When Mark Zajak’s wife heard a friend of a friend got $20,000 to rent out her place the week Pope Francis comes to Philadelphia, the couple decided to list their house on Craigslist and Airbnb.
Their modern, three-bedroom row house in the city’s Fairmount neighborhood is just a 10-minute walk from where the pope will celebrate a huge outdoor mass in front of the Philadelphia Museum of Art (of “Rocky” fame) on Sunday.
Factoring in the couch and leather loveseat in the Zajak’s living room, the house could comfortably sleep eight travelers. There’s also a crib and a daybed, for those attending with kids in tow. But the pièce de résistance: a roof deck connected to the master bedroom.
“You can actually see the top of the art museum over there,” Zajak said.
The Zajak’s are asking $14,000 for the whole week in hopes of taking a vacation in the Bahamas. But … no takers.

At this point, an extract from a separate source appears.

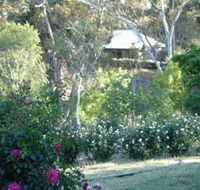 Battunga Bed  Breakfast - Surfers Gold Coast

“So far we have not gotten any feedback, no,” he said.
They’re not the only ones.
There are about 4,100 listings on Airbnb and just a quarter of them are booked. That’s according to Beyond Pricing, a startup that helps hosts price their listings.
So has Philly’s papal-visit housing bubble burst?
Yes, said Beyond Pricing’s Ian McHenry, who’s seen this happen a lot.
“Everything sells out,” he said. “It makes all the headlines and everyone starts seeing people listing their places for thousands of dollars and they think, ‘Wow, if my neighbor can list their place for that then I can, too.’”
The other problem: It’s hard to estimate just how many people will actually show up.
Let’s look back at another event that brought throngs of people to an American city:
Nearly 2 million people traveled to Washington, D.C., to see President Obama’s first inauguration in 2009. But early estimates put that number at 4 million.
Hotels filled up early, and thousands of people put up entire homes and guest rooms for rent, many for more than $1,500 a night.
But by the time Inauguration Day rolled around, people like Tania Odabashian, whose company specializes in short-term rentals, couldn’t give their units away.
Six years later, it still bugs Odabashian she wasn’t able to rent out the 20 studio apartments she set aside in D.C.’s Foggy Bottom neighborhood.
“Given that the media kept going on and on and on and on about how impossible it was going to be to get a hotel room, I think those that might have come and been happy to pay $300 a night for an apartment were thinking, ‘There’s no way I’m going to be able to get a room,’ and didn’t even try maybe? I don’t know.”
In the end, the supply was much larger than the demand.
In Philadelphia, even hotels have vacancies now.
McHenry said most people in the city are still charging three times what they should be.
“It’s not a gold rush,” he said. “You should do it for a little extra money and for the joy of helping people out that need a place.”
So if they’re not paying to stay in a row house with a roof deck just a short walk from where from Pope Francis will be, where exactly are papal pilgrims laying their heads?
Many have found more humble accommodations in churches, on museum floors, in fitness clubs — and even the Philadelphia Zoo.